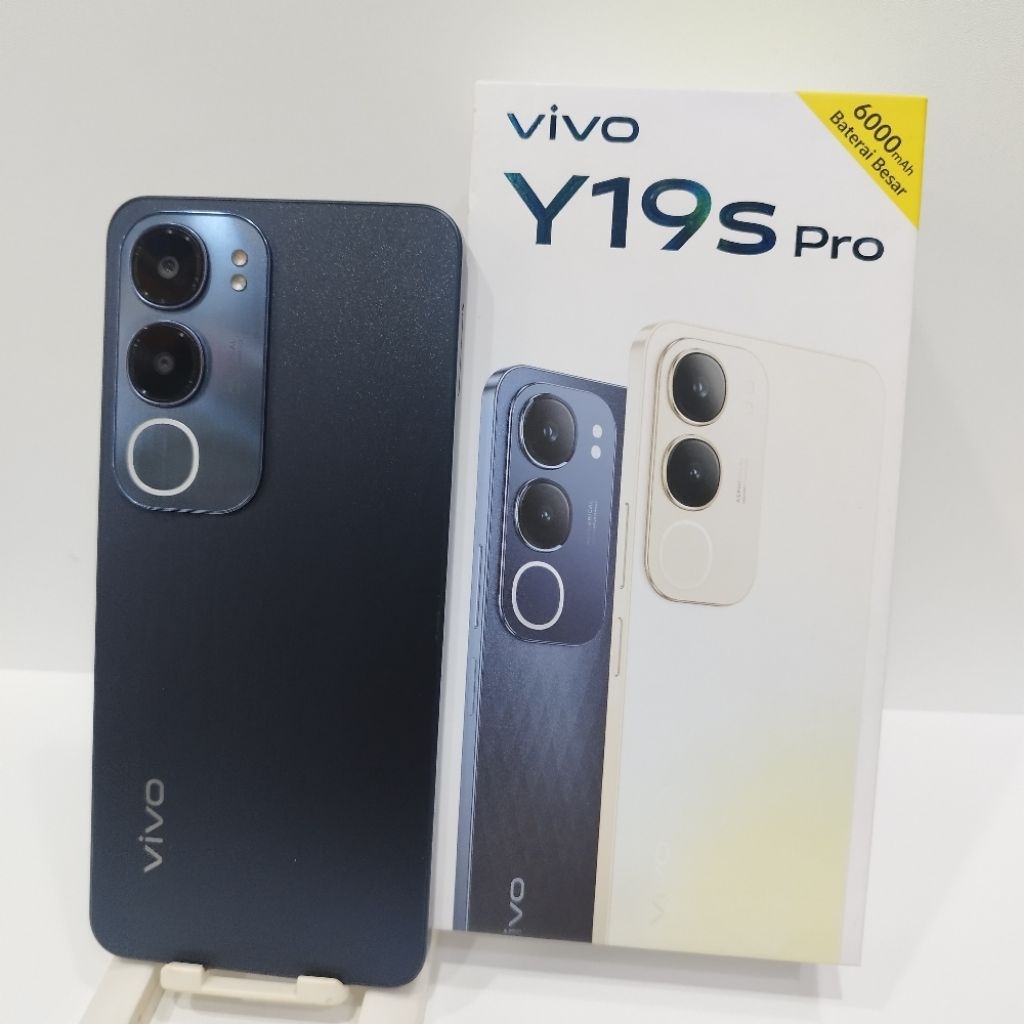 VIVO Y19S PRO 6/128GB HANDPHONE SECOND FULLSET BATANGAN ORIGINAL BERGARANSI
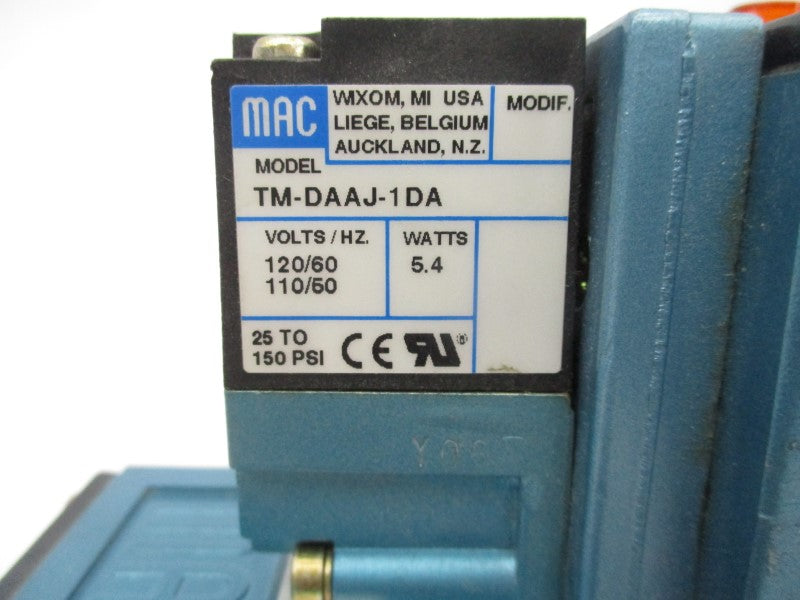 MAC 82A-BC-CKA-TM-DAAP-1DA 110/120 25-150PSI UNMP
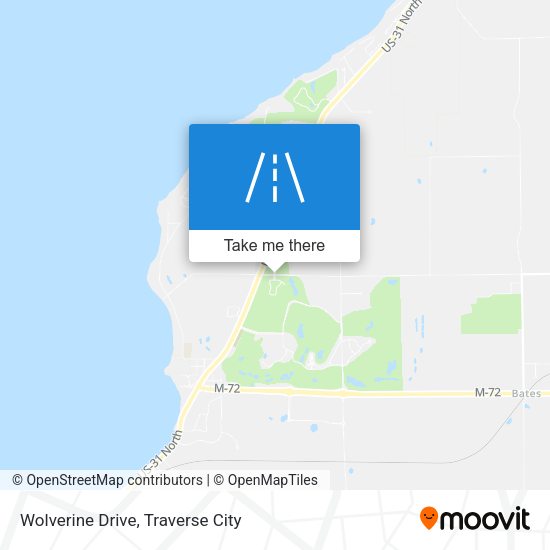 Mapa de Wolverine Drive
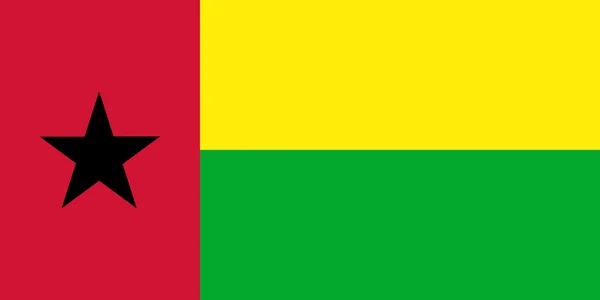 Guinea-Bissau Flag — Stock Photo, Image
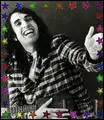 Tiny Tim with mutli-colored stars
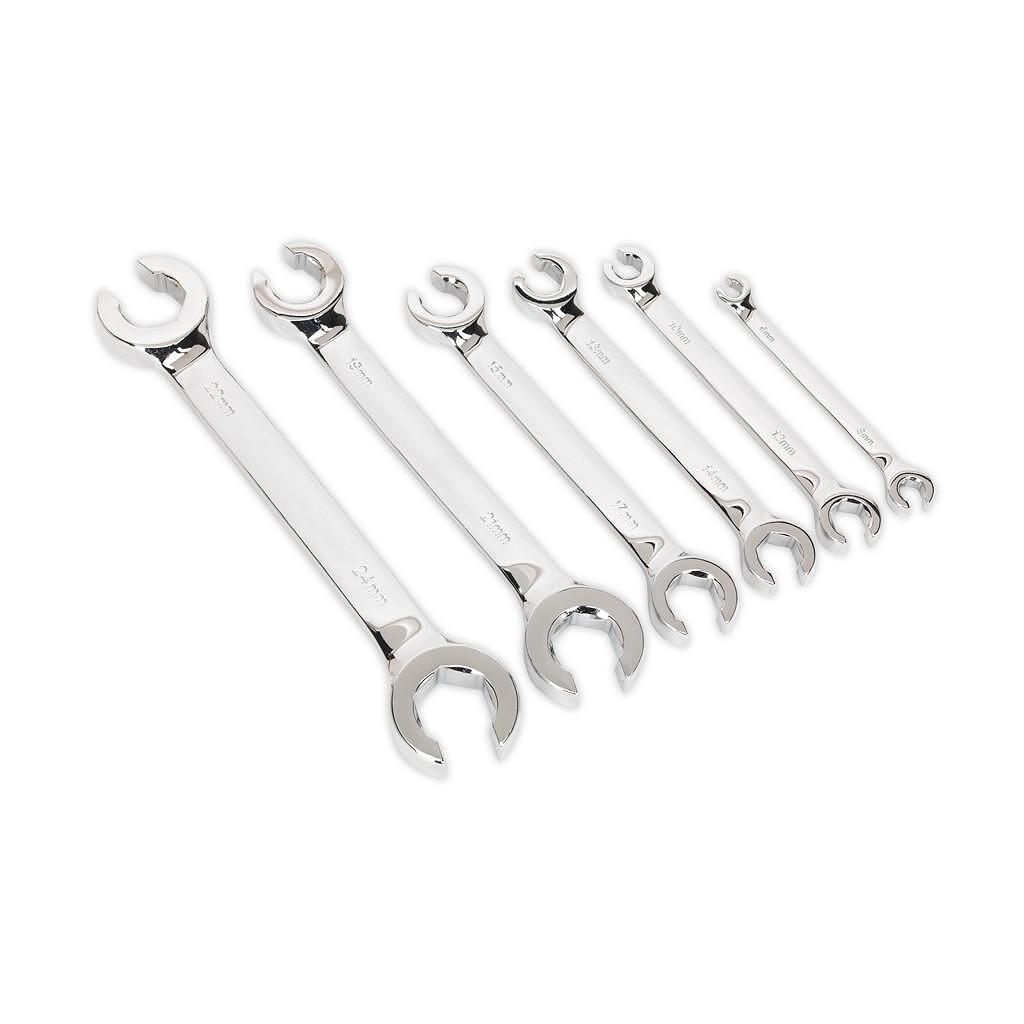 Set de chei combinate cu capat dublu, 6 piese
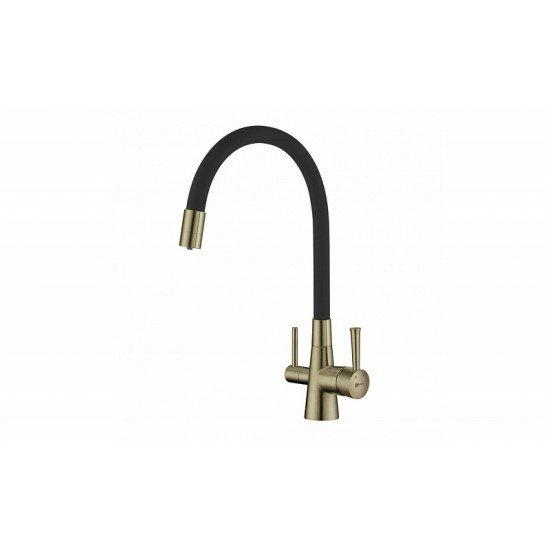 Смеситель для кухни с подключением к фильтру с питьевой водой Lemark Comfort LM3075B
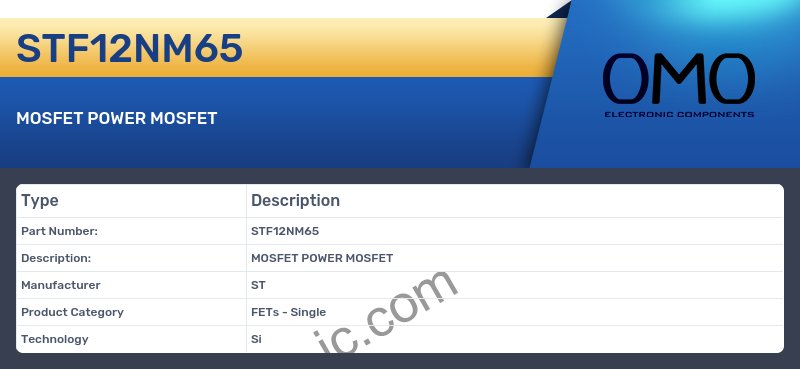 STF12NM65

== == ==

### Your task
Every line from the one with "Guinea-Bissau Flag — Stock Photo, Image" through the end of the records above belongs in the answer, copied exactly; no picture does.

### Completed task
 Guinea-Bissau Flag — Stock Photo, Image
 Tiny Tim with mutli-colored stars
 Set de chei combinate cu capat dublu, 6 piese
 Смеситель для кухни с подключением к фильтру с питьевой водой Lemark Comfort LM3075B
 STF12NM65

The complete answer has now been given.